### Supplied material
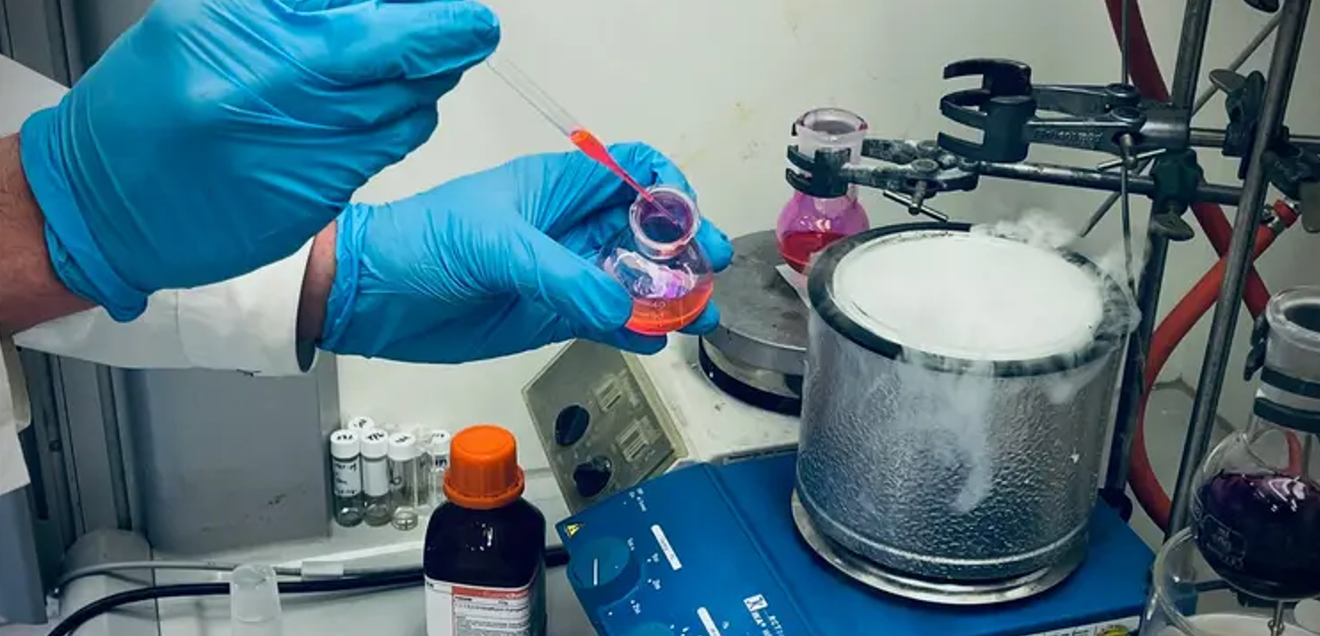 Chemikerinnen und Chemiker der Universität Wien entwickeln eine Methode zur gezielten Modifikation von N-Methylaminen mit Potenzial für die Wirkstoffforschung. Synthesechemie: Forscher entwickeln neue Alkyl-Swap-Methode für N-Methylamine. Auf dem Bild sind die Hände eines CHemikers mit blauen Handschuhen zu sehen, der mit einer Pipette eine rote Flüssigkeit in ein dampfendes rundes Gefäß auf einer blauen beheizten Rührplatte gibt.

--

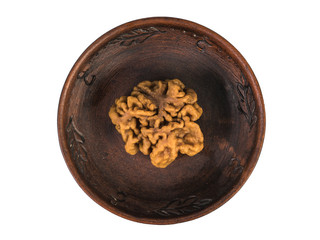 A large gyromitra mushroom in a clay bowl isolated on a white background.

---

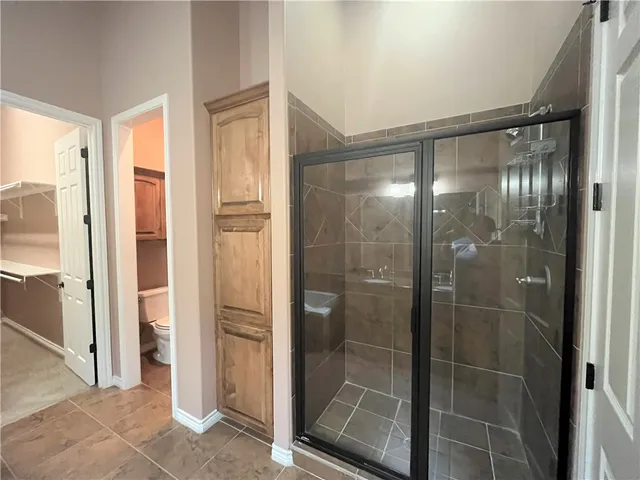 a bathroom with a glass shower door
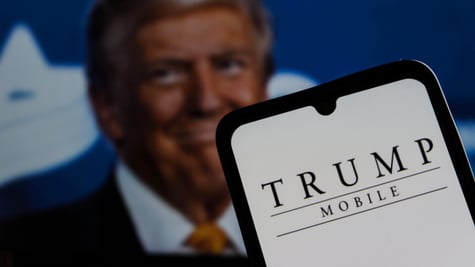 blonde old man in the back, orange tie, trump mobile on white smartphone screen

### Required work
Only the lines above from the one with "a bathroom with a glass shower door" to the one with "blonde old man" should be printed, both included and exactly as written; no picture belongs in the copy.

### Solution to the exercise
 a bathroom with a glass shower door
 blonde old man in the back, orange tie, trump mobile on white smartphone screen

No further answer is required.